## DIRECTIONS
The answer must consist only of the lines in the records below from the line with "305 B Avenue - Photo 1" to the line with "Boucles d'oreilles - Chiot", both included, copied word for word with every picture left out.

## RECORDS TO USE
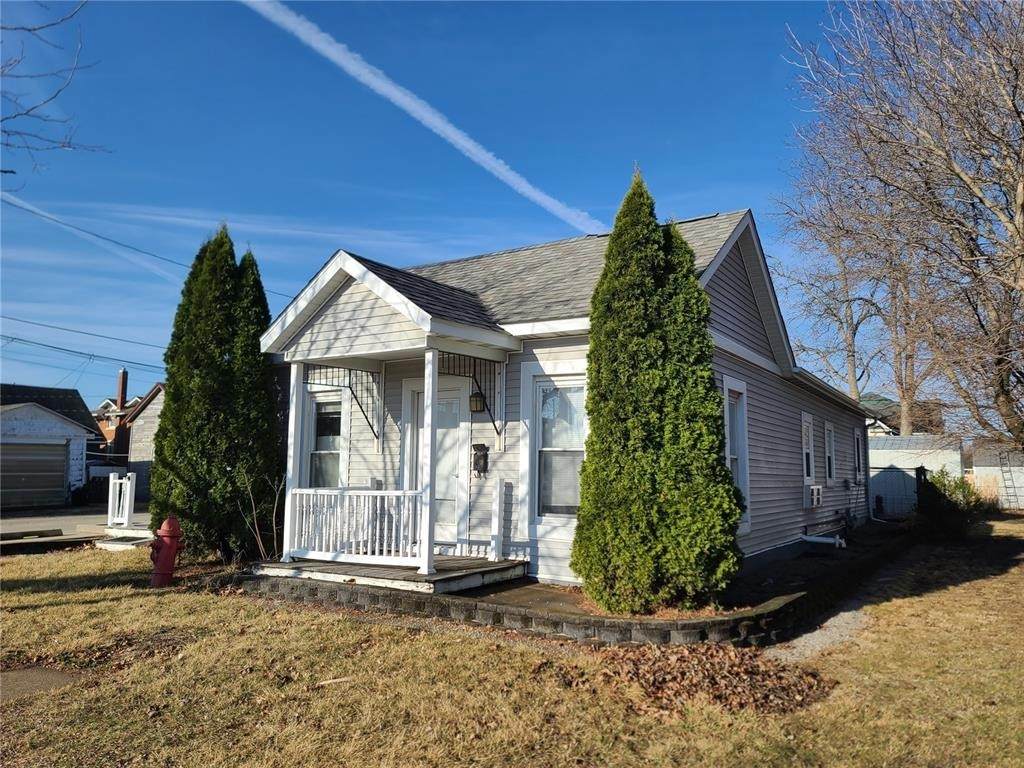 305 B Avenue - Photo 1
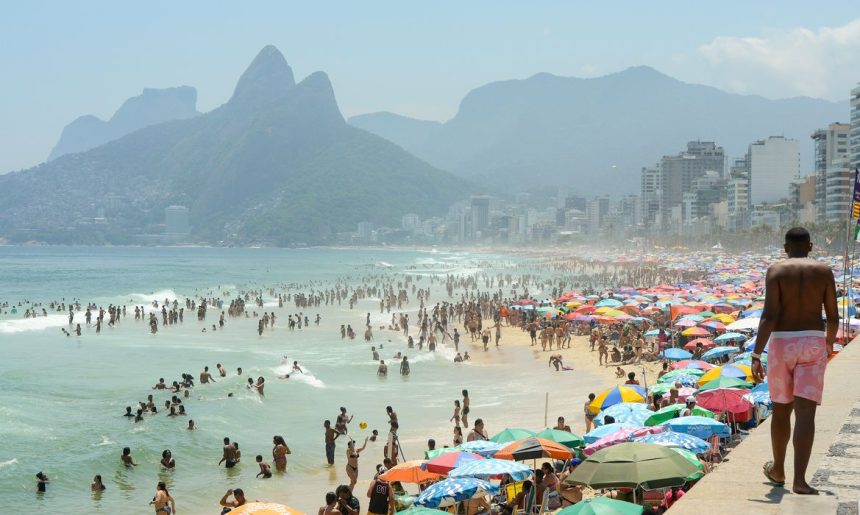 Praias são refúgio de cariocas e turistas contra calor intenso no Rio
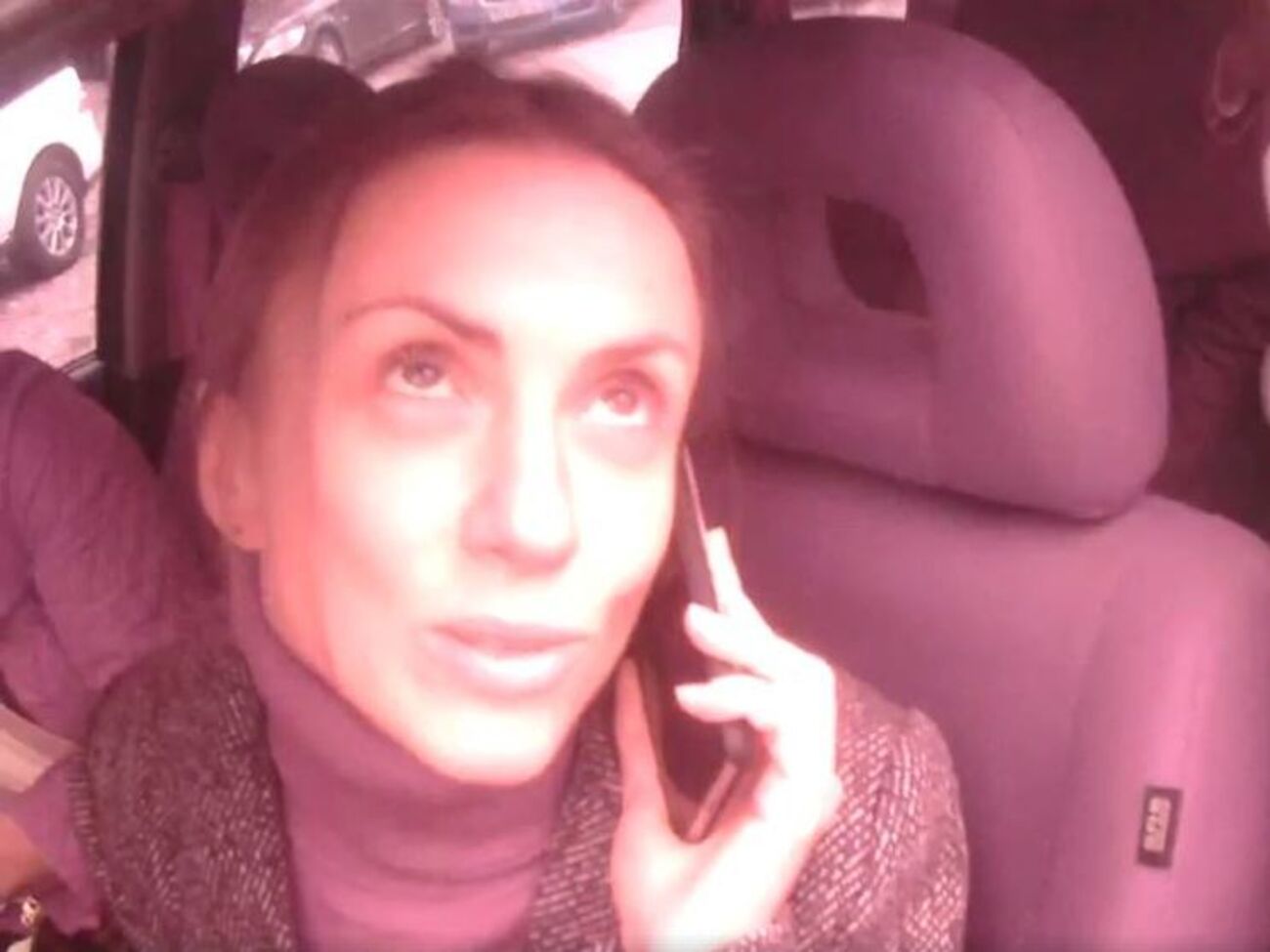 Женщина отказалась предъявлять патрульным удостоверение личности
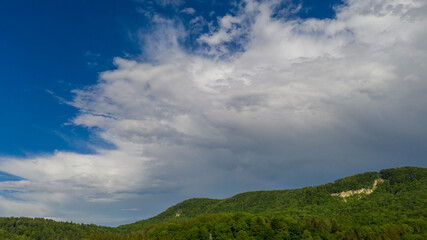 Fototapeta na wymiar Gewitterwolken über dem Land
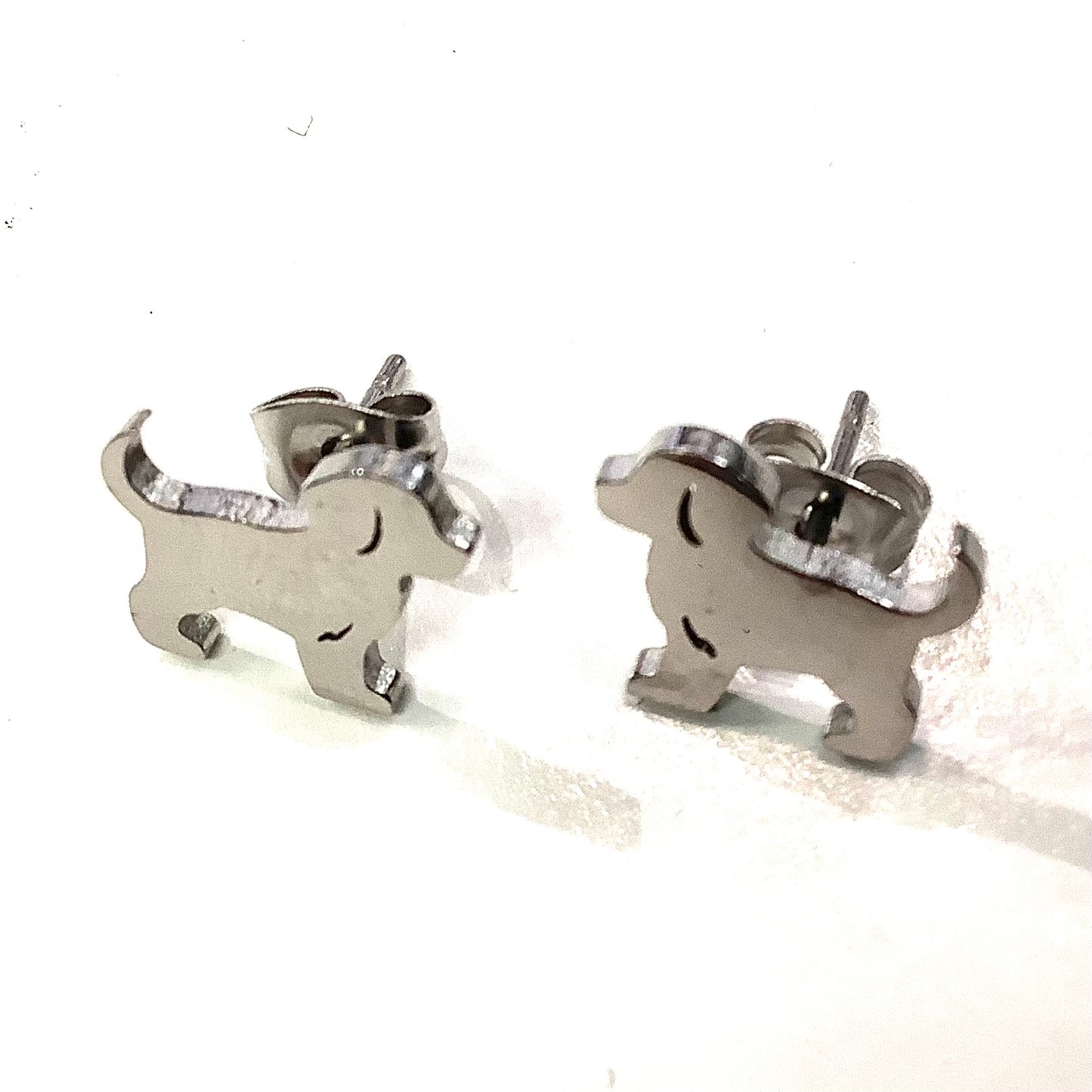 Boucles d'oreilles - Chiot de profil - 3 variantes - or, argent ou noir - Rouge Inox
* * *
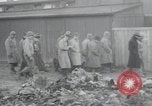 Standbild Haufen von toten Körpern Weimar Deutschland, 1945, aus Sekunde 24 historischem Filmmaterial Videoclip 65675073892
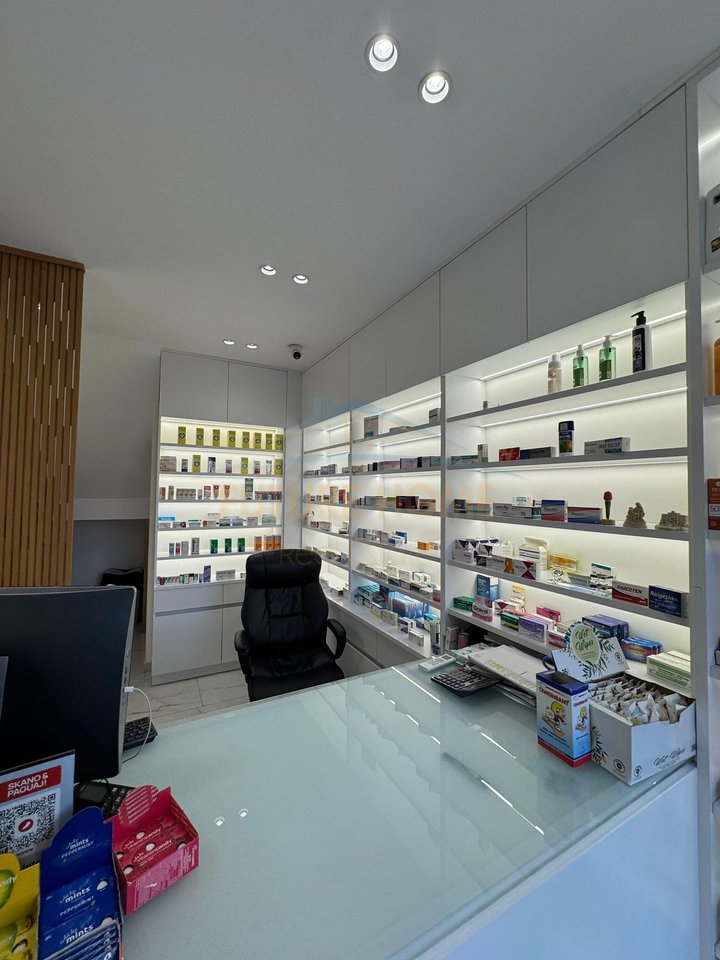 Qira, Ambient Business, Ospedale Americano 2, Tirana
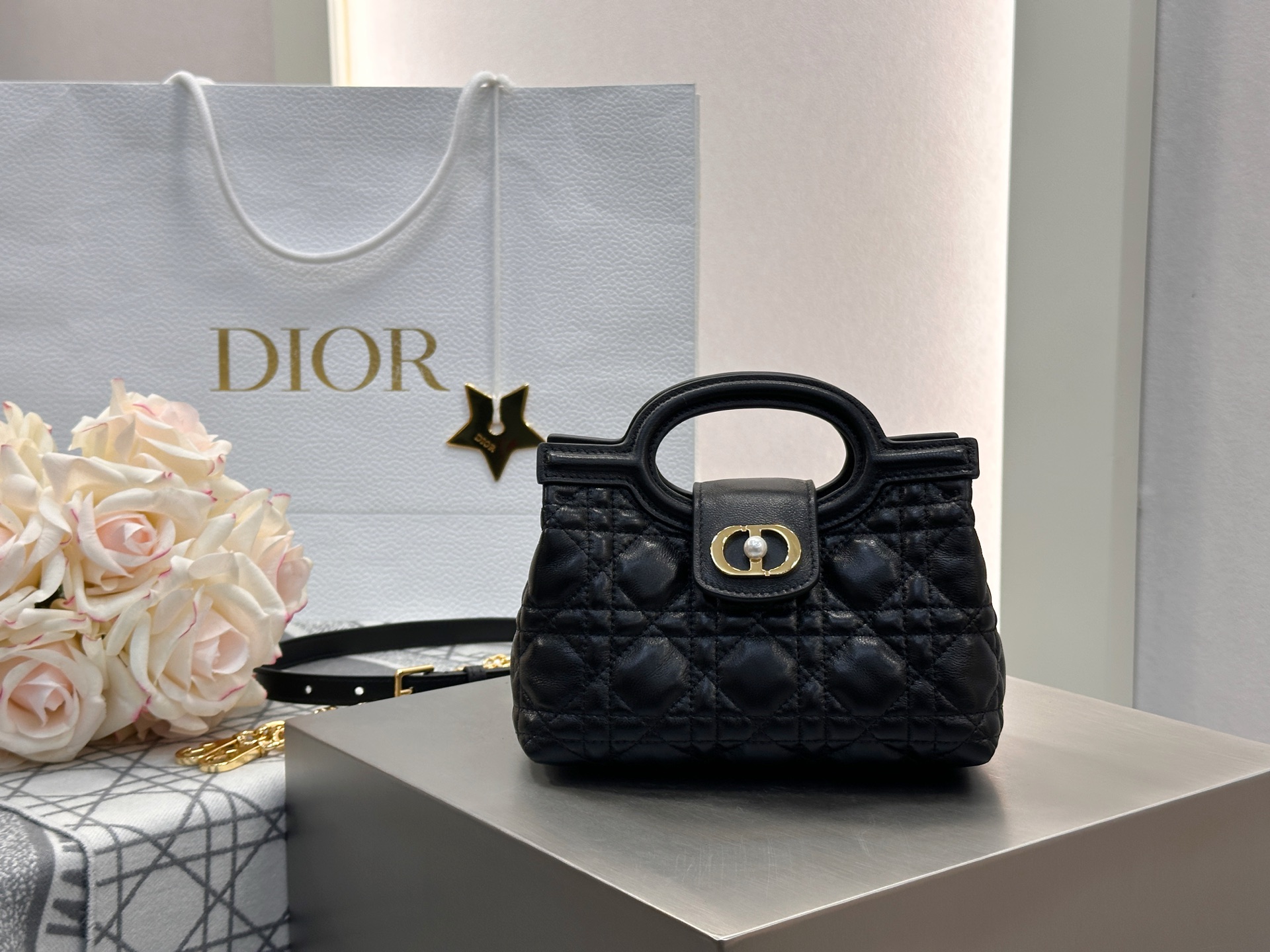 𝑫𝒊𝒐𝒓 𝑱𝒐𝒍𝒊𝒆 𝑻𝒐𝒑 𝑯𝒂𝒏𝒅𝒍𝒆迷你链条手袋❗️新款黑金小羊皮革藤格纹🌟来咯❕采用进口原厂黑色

## WRITTEN SOLUTION
 305 B Avenue - Photo 1
 Praias são refúgio de cariocas e turistas contra calor intenso no Rio
 Женщина отказалась предъявлять патрульным удостоверение личности
 Fototapeta na wymiar Gewitterwolken über dem Land
 Boucles d'oreilles - Chiot de profil - 3 variantes - or, argent ou noir - Rouge Inox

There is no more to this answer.